Entmutigt ist Zeran Osman bislang nicht von den Erfolgen der AfD. Auch nicht ihre Mistreiterinnen. Eher kämpferisch. Denn es ist ihre Stadt. Ihr Land. Gleichzeitig aber wachsen mit dem Vormarsch der AfD auch die Sorgen vor Bedrohungen. Nicht nur bei ihr.
Bedrohungen und Beschimpfungen
"Es gibt in Chemnitz einige Ecken, in die ich mich nicht traue zu gehen", erzählt Avery. Er ist 19 Jahre alt und sitzt vor dem Karl-Marx-Monument im Herzen der Stadt. Es ist das Wahrzeichen der Stadt, die in der ehemaligen DDR noch Karl-Marx-Stadt hieß. "Dann wird mir 'Scheiß-Schwuchtel' hinterher geschrien. Weil auf seinen Turnschuhen ein Regenbogen aufgedruckt ist, das Symbol der LGBTQ-Bewegung.
Die AfD wehrt sich gegen alle Vorwürfe, dass sie Hetze und Hass befeuere. Und dagegen, dass sie eine extremistische und rassistische Partei sei. "Normal" nennt sie sich selbst. Normal heißt in Chemnitz, dass für die AfD mit Lars Franke ein Mann in den Stadtrat einzieht, der schon mal im T-Shirt mit einem Hitler-Smiley rumgelaufen ist. Der sich an Neonazi-Aufmärschen beteiligt hat. Und der aus dem Umfeld der rechtsextremen Terrorbande NSU stammt. Er ist ein Parteifreund von AfD-Mann Nico Köhler.
Am Karl-Marx-Monument treffen wir noch einen jungen Mann. Leon heißt er, ist freundlich, trägt einen Kapuzenpullover und fährt ein BMX-Rad.
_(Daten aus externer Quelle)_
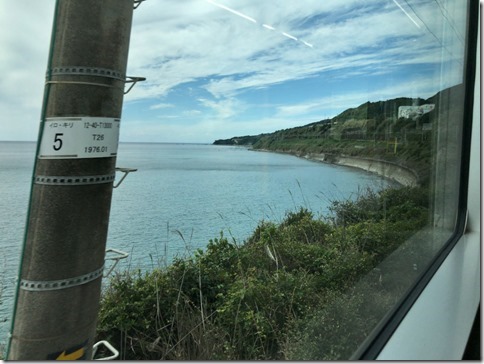 きのくに線車両内からの車窓。海沿いに曲がっていく。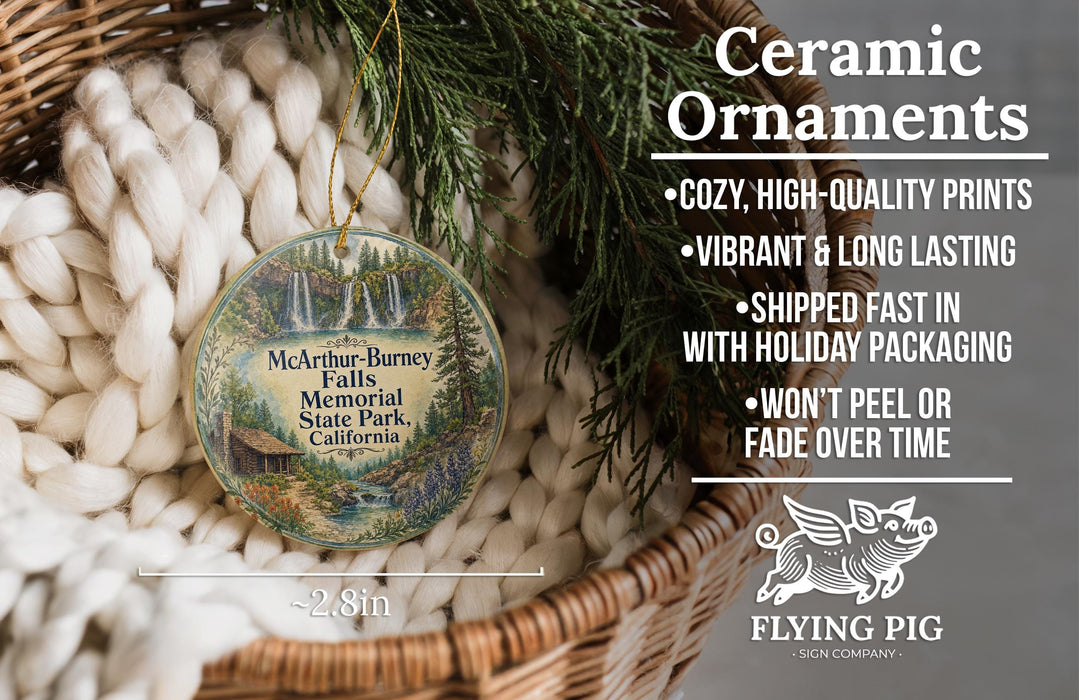 Ceramic ornaments, specifically a round ornament with a scenic image of theMcArthur-Burney Falls Memorial State Park, California. The ornament is hanging from a wicker basket, and there is a text overlay providing information about the ornament.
Ja, er habe AfD gewählt, erzählt er. Wegen der Ausländer. Was sagt er dazu, dass die Gegner der AfD sagen, es sei eine Nazipartei? Das stört Leon nicht weiter. Er überlegt. Vielleicht stimme das ja zum Teil. Aber der Hitler, der sei ja auch so 50:50 gewesen. Der habe ja auch zum Teil richtig gehandelt. Aber so richtig, sagt Leon, kenne er die ganze Geschichte nicht.